The range is intentionally wide when the public signal is vague. A publication with only a bucket such as thousands of paid subscribers should not be presented as if we know the exact paid subscriber count.
- Low estimate: conservative paid-subscriber and price interpretation.
- Base estimate: the finance-v1 midpoint used for ranking.
- High estimate: optimistic interpretation of the same public signals.
Gross MRR
Gross MRR means estimated subscription revenue before platform fees, payment processing, taxes, refunds, coupons, churn, or comped subscriptions.
The model uses regular public web plans first. Annual plans are converted into monthly revenue by dividing by 12, then combined with an explicit monthly/yearly mix assumption.
- No discount or coupon adjustment.
- No Substack platform fee or payment fee assumption.
- No tax, refund, churn, or comped subscriber assumption.
- No net revenue claim.
Confidence
Confidence describes the quality of the observable public inputs, not how successful a publication is.
A high-confidence estimate has a public paid-audience bucket, visible regular pricing, a free subscriber signal, recent source records, and enough post history to understand cadence.
- High: paid audience, pricing, subscriber signal, recency, and post history are all present.
- Medium: paid audience and at least one public price are present, but some supporting signals are missing.
- Low: paid audience is missing, pricing is ambiguous, sources are stale, or the publication appears unusual.
Source Records And Signals
Every external response is stored as a source record before normalized fields are derived from it. This keeps provenance available when parsers improve or the model changes.
Normalized signals include identity, public leaderboard rank, paid-audience wording, visible tier prices, public post metadata, and recommendation edges.
- Raw source records preserve where a signal came from.
- Normalized tables keep the product fast and queryable.
- Daily snapshots freeze estimates, ranks, and graph-ready metrics for historical charts.
Connected Publications
Exact paid subscriber counts and exact tier distribution are not public data. StackStats should not imply that V1 knows those numbers.
A future Connected Publication flow can let a creator authorize accurate private metrics for their own publication. Those verified numbers should be displayed separately from public estimates.
- Public estimate: inferred from public buckets and prices.

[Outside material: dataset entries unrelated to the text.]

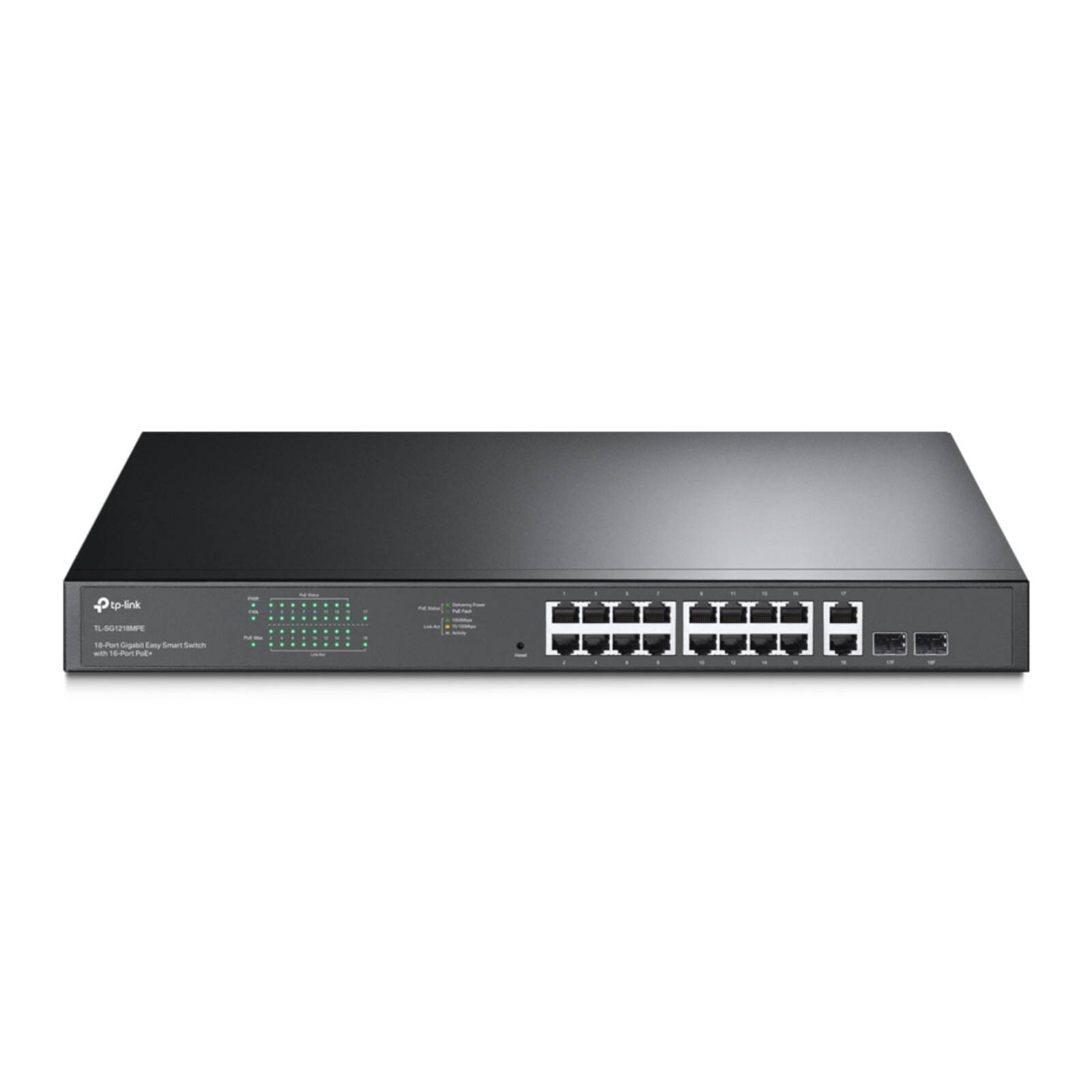TP-LINK 16-Port Gigabit PoE+ Easy Smart Switch, 2 SFP Ports, Rackmountable - (TL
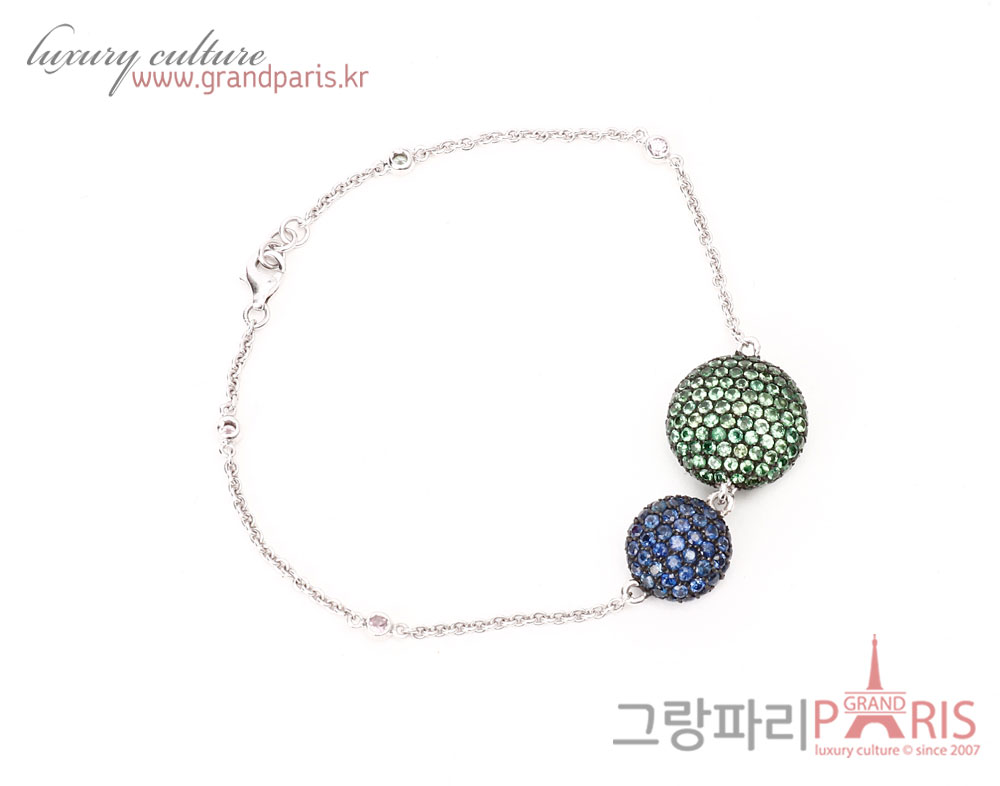 FineJewelry 팬시 사파이어 차보라이트 트윈 볼 팔찌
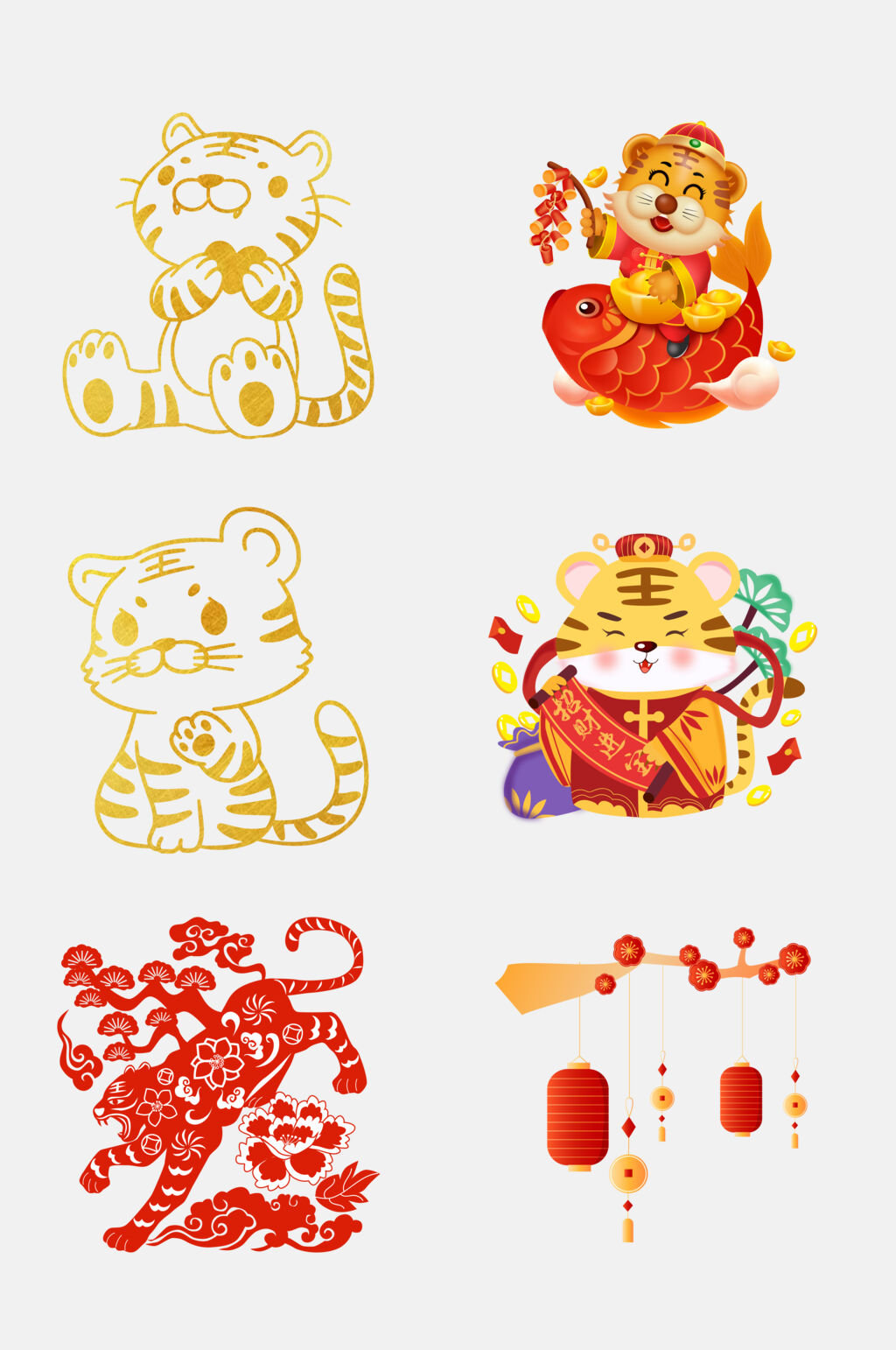 红色剪纸风新年虎年免抠素材素材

- Verified revenue: future creator-authorized data.
- Exact paid-tier distribution requires creator permission.
Graph Signals
Recommendation and public relationship signals are useful for discovery, adjacency, and growth insight. They are not complete subscriber lists.
V1 stores graph edges in Postgres and uses them to show adjacent publications. A graph database can wait until traversal becomes central to the product.
- Recommendations can suggest who a publication wants to be associated with.
- Visible public subscription/read edges, if collected later, will still be incomplete and privacy-biased.
- Graph signals should support inspiration and discovery, not exact revenue claims.